Machine Generated Content - Part 2
In part 1 of our ‘Essential Guide: Machine Generated Content’, we focused on the technical challenges of real-time rendering and the different approaches for automating their creation. Part 2 outlines how Generative AI can play its part, the implications and risks of using it, and why it might not always be the best approach.
Generative AI - How It Works
Using AI to create video clips begins by writing a textual prompt to describe what your goal is. The outcome depends on how well you describe what you want and the source material available to the AI engine for training.
Here is a very simplified outline of how Generative AI creates video:
- Create a textual prompt or document to describe your goal to the AI system. Automation can be applied here.
- The prompt is parsed to understand the semantics and theme of the request.
- The parsed results create the search queries required to locate suitable source material.
- This may involve an Internet search if the content is not already ingested. Only use content that you have cleared the legal rights and licences for.
- Candidate stills and moving images are selected to create a dataset based on the detected theme.
- The AI model is trained on this sub-set of content using computer-vision and neural network tools.
- The rendering process uses a technique called Latent Diffusion. The starting point is a frame of random noise. Latent Diffusion is an iterative process that gradually removes the random noise from the image until it resembles the desired output.
- The output is reflected through a neural network or computer vision system to recognize the image and determine whether it conforms to the description in the initial prompt based on the found assets.
- The resulting video may also be passed through a transformer to ensure the sequence of frames is coherent.
- The feedback loop is iterated until the result is satisfactory. This is why it is so compute intensive.
The Latent Diffusion algorithm is based on earlier noise reduction techniques that improved video quality by removing random noise from the image. The starting point is 100% noise that is iteratively ‘cleaned’ to produce the final image.
Stable Diffusion is an open-source implementation that applies Latent Diffusion algorithms in a practical way.
Neural Networks are used as pattern recognizers in a feedback loop to compare the images with the original prompt.

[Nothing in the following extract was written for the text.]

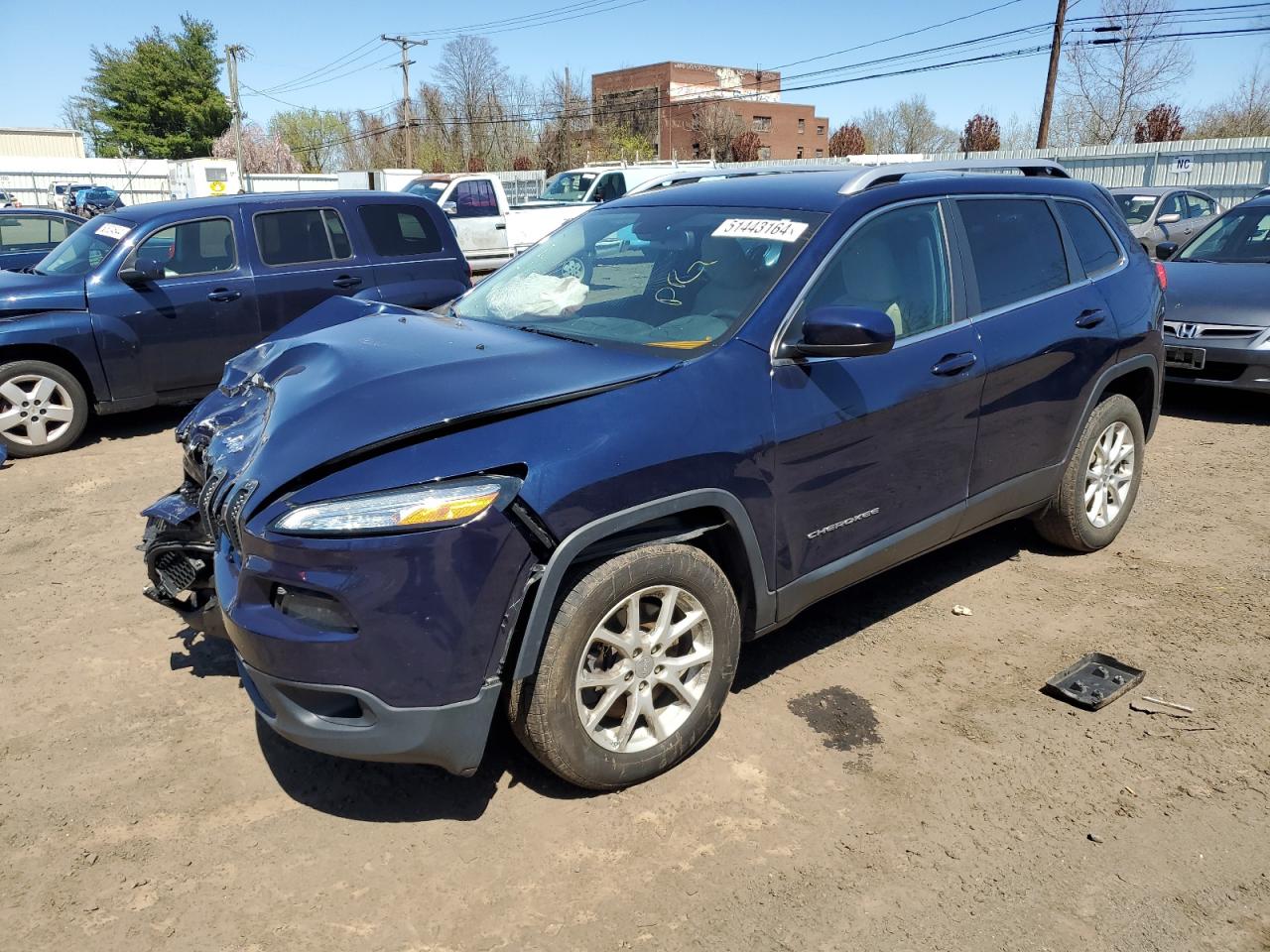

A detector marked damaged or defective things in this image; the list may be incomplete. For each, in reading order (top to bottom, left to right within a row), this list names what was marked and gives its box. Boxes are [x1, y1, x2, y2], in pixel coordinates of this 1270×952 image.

This coerces the process until it converges on the desired result. Large Language Model Transforms maintain coherence over a sequence of frames.
Transformers are typically used to steer text generators so their output makes sense. They are now being used with video to enhance the frame-to-frame coherence.
Client Side And Edge Rendering
Video compression continues to improve with new algorithms reducing the bandwidth required for delivery. At the same time screen sizes and resolution are increasing which increases the bandwidth needed.
Further bandwidth reduction is possible if the player or edge-server can locally composite multiple layers of video. Only the active area needs to be compressed and delivered; static areas are replaced with a stationary image as a background and a moving alpha channel mask is delivered with the presenter overlay to assist the compositing process.
This would work for weather forecasts and BSL signer overlays which can then be switched on or off at the receiver like a subtitle overlay. Signed presentations could then be delivered at primetime rather than unsociable hours for viewers to record and watch offline. The weather forecaster overlay could be omitted entirely on a very low bandwidth local connection to a client device.
Using Web Technologies To Create A Smart Frame Store
In sports coverage, statistics and scoreboards are generated from incoming data feeds. These can be generated automatically by AI or manually entered by an operator at a sporting event instantaneously as things happen.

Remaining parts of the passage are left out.